(Directions): The lines to be extracted begin at the line containing "There Is No" and end at the last line of the data below; copy them exactly and leave out the pictures.

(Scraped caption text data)

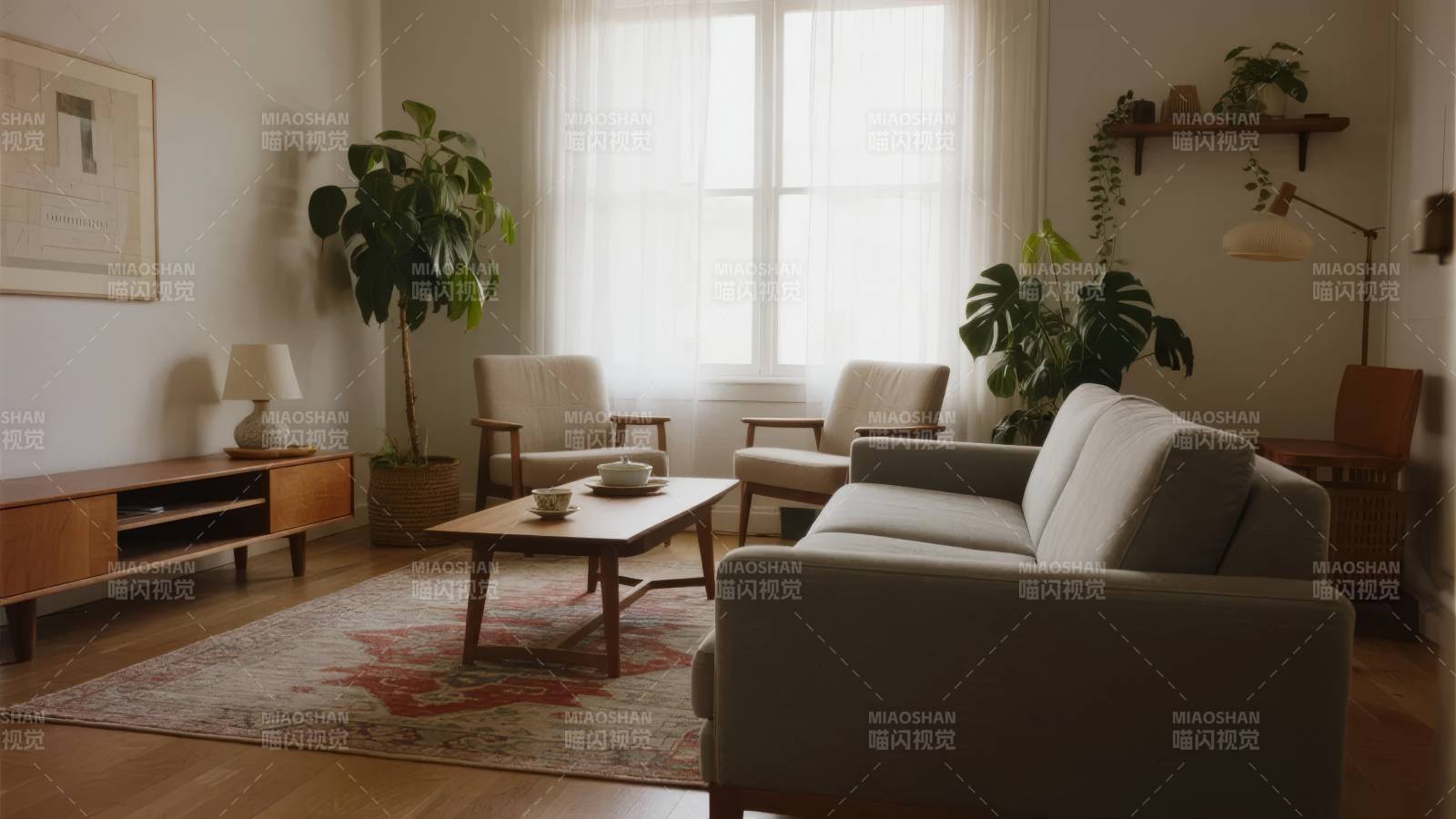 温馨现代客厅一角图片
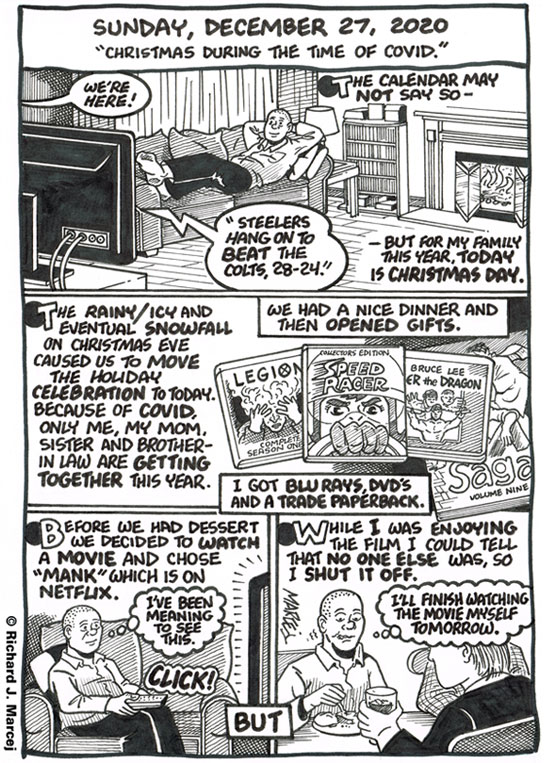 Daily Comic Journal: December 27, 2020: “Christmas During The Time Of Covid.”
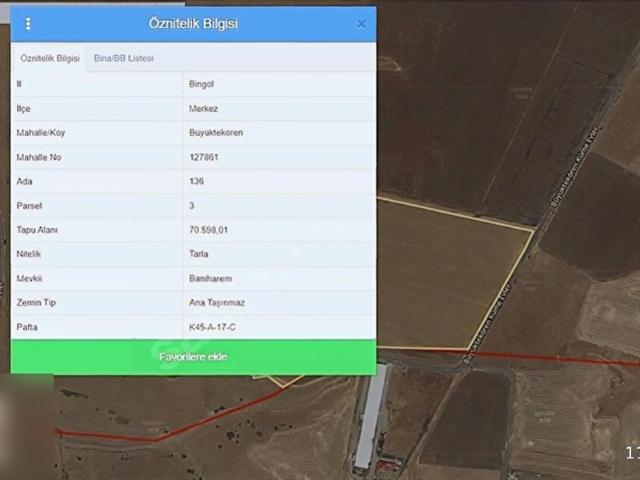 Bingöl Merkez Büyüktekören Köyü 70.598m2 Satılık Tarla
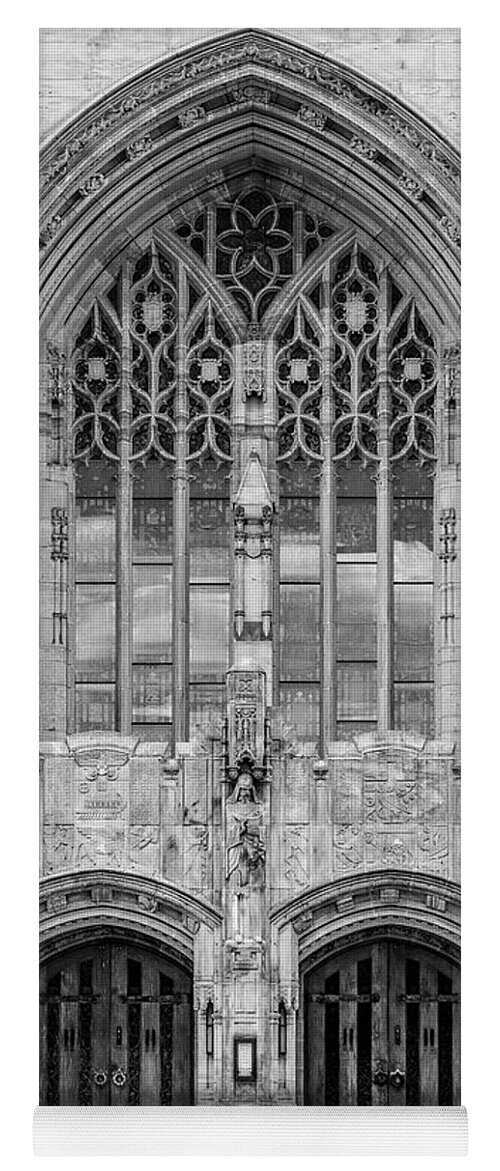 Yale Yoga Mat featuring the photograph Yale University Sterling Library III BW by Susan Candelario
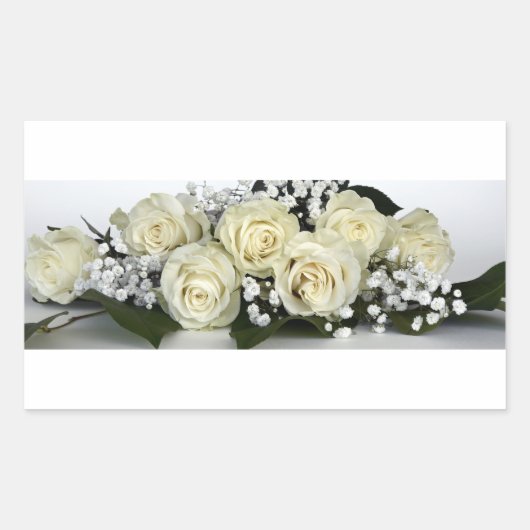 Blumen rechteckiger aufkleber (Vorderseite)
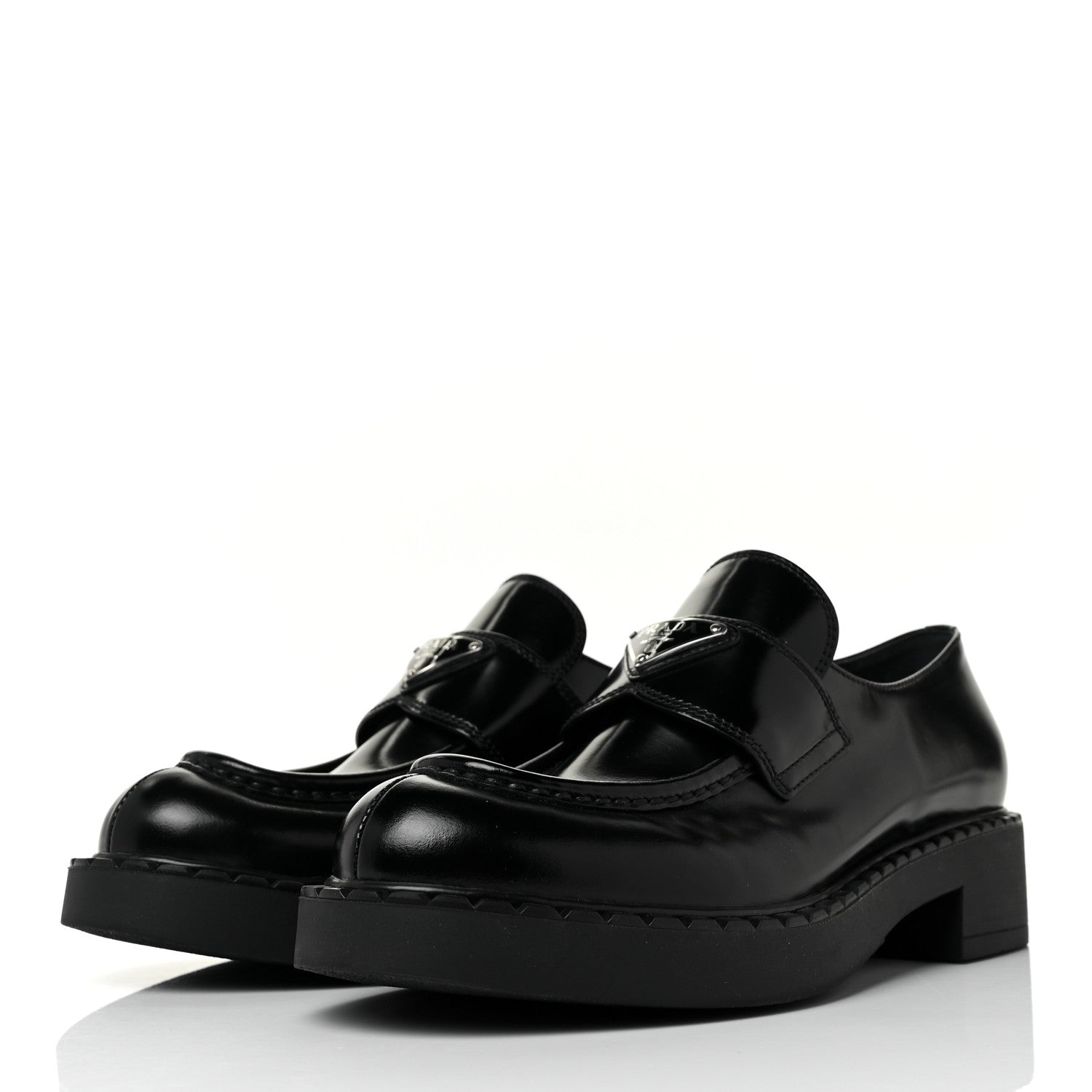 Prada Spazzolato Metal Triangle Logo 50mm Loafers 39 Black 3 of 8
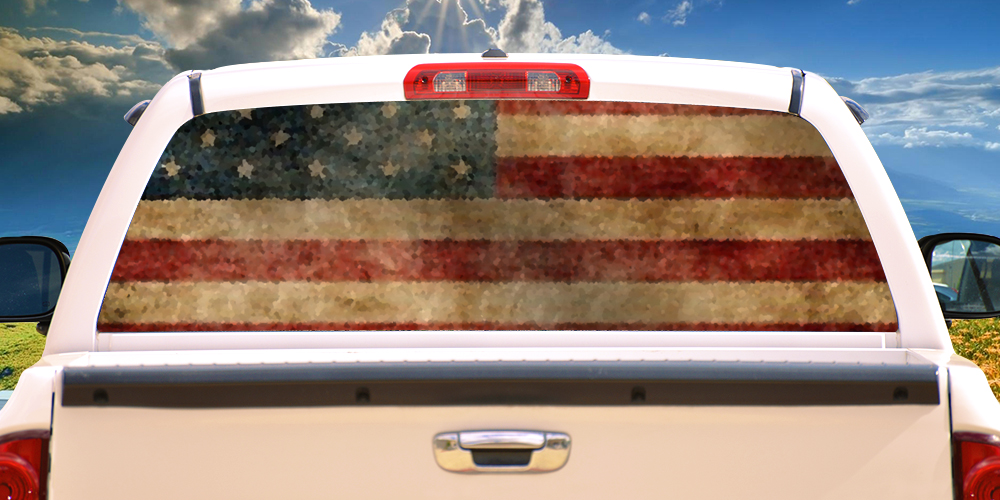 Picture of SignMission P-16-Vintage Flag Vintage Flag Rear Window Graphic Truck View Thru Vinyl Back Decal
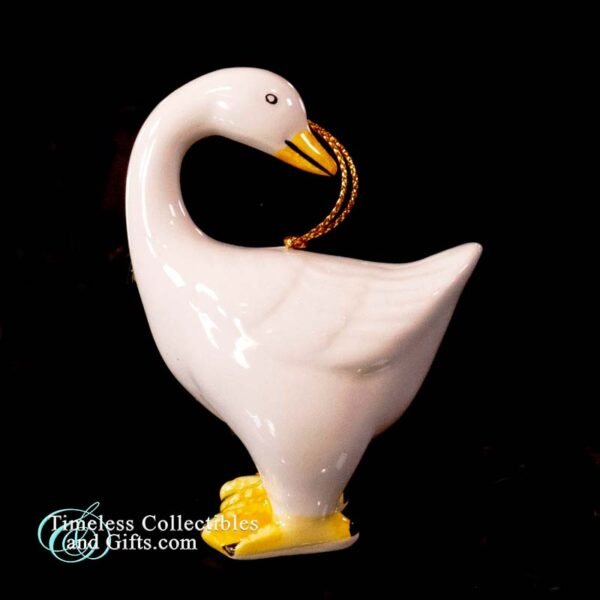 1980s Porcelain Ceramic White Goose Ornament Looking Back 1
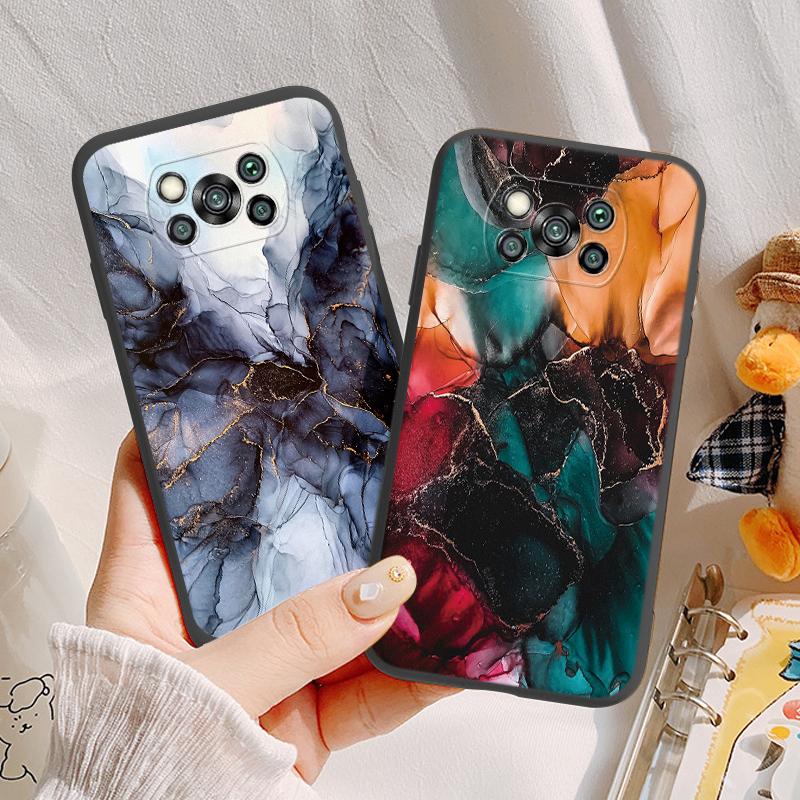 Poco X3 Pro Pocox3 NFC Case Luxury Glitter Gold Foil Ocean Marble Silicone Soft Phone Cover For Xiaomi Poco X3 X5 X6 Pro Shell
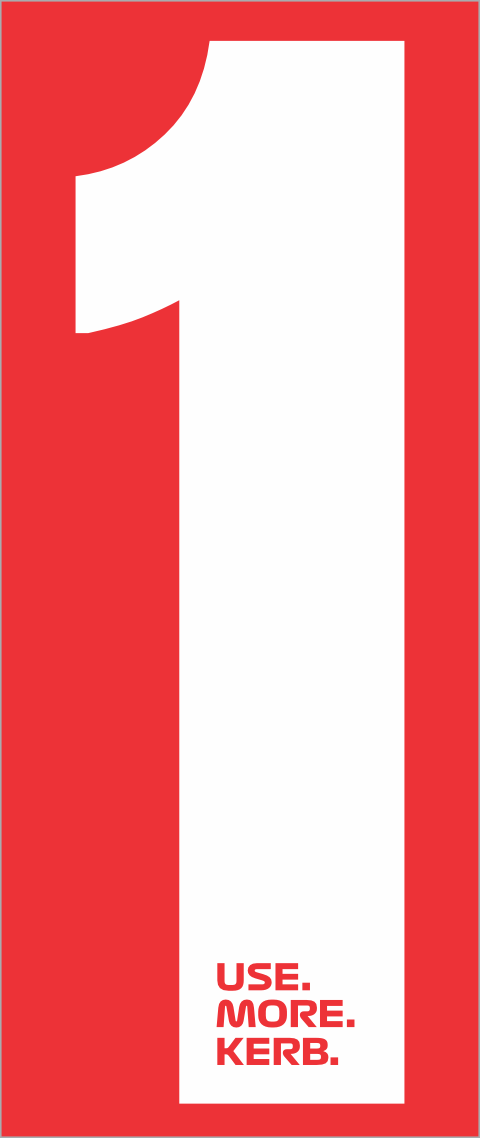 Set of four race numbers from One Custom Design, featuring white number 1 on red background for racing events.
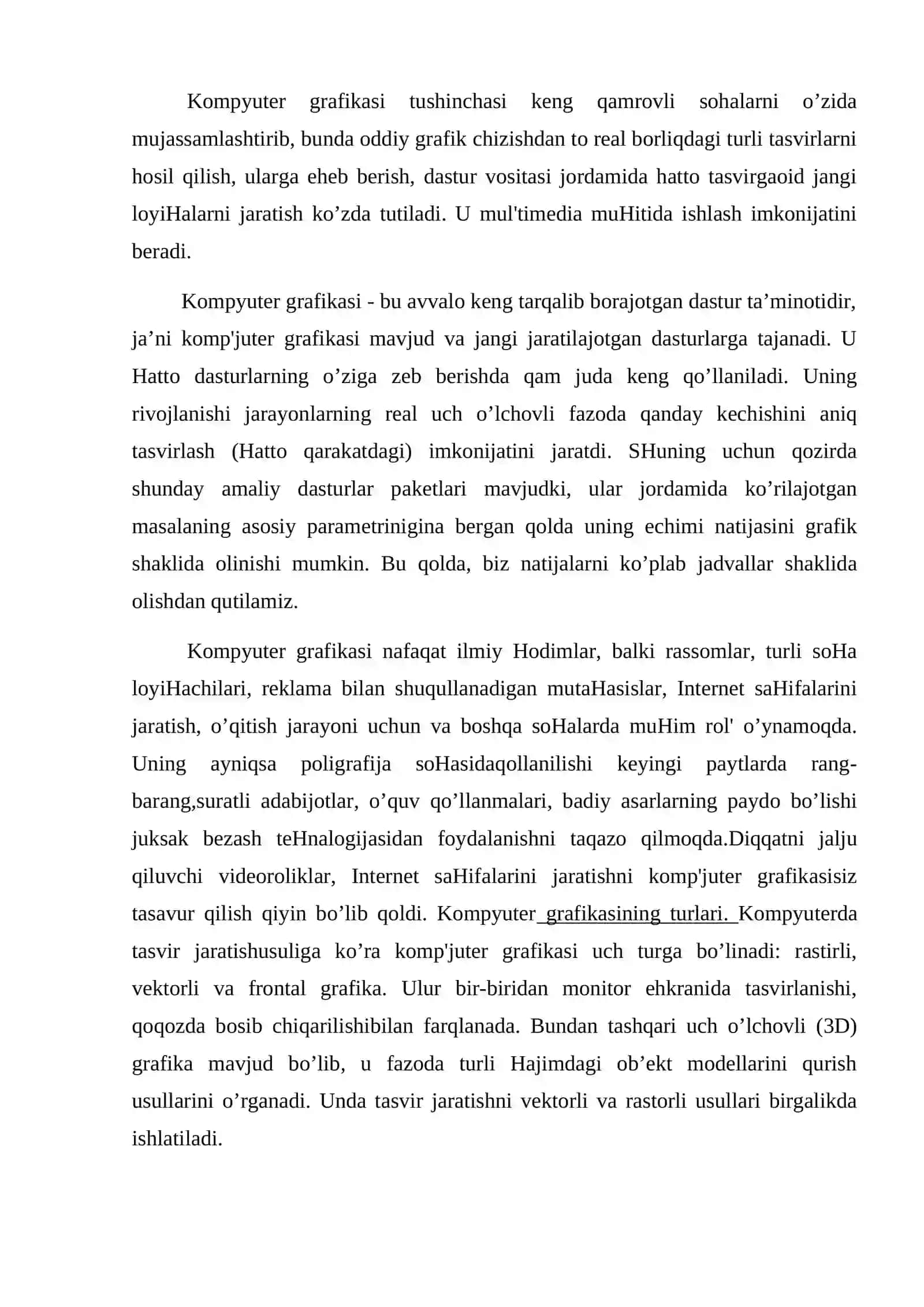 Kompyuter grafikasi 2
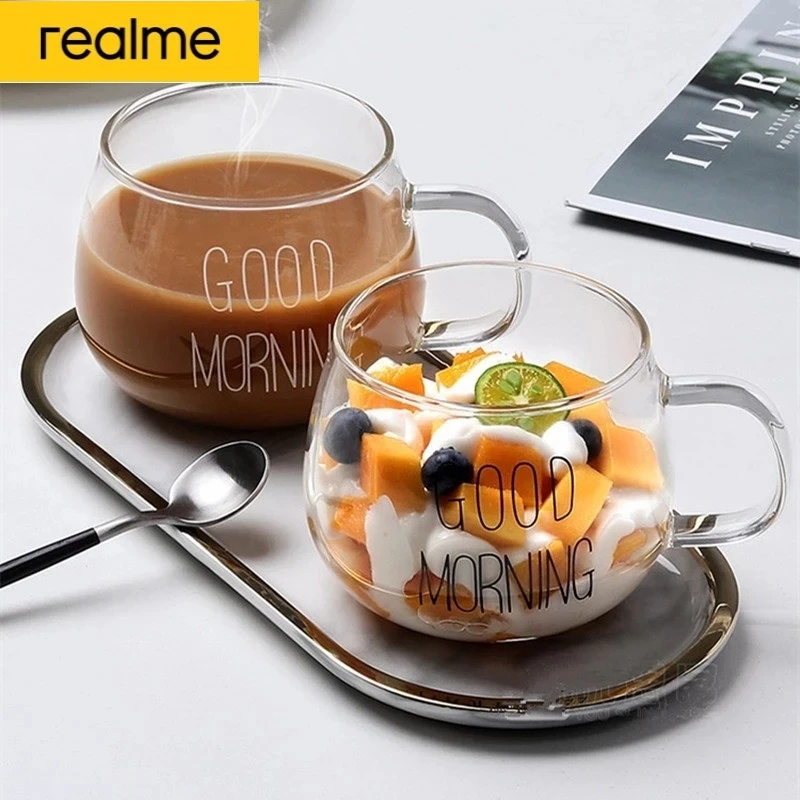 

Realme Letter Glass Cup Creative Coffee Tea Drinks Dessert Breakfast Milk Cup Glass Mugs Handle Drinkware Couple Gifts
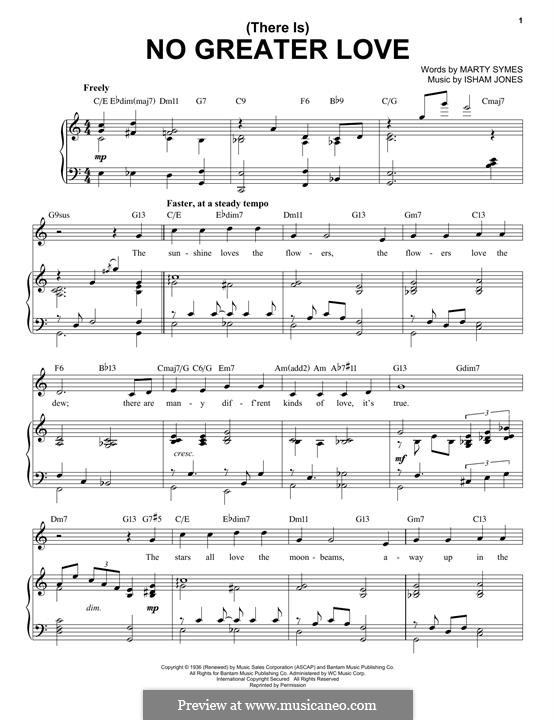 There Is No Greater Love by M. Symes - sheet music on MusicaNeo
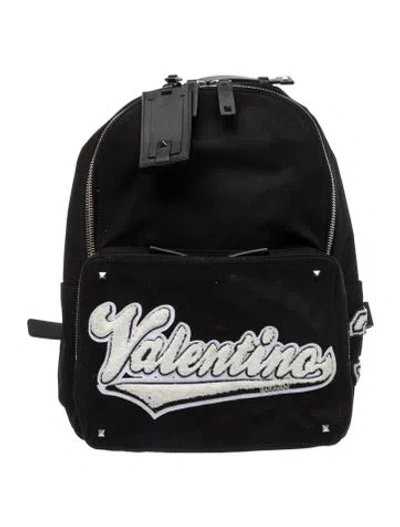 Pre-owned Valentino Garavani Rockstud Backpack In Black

(Output below):
 There Is No Greater Love by M. Symes - sheet music on MusicaNeo
 Pre-owned Valentino Garavani Rockstud Backpack In Black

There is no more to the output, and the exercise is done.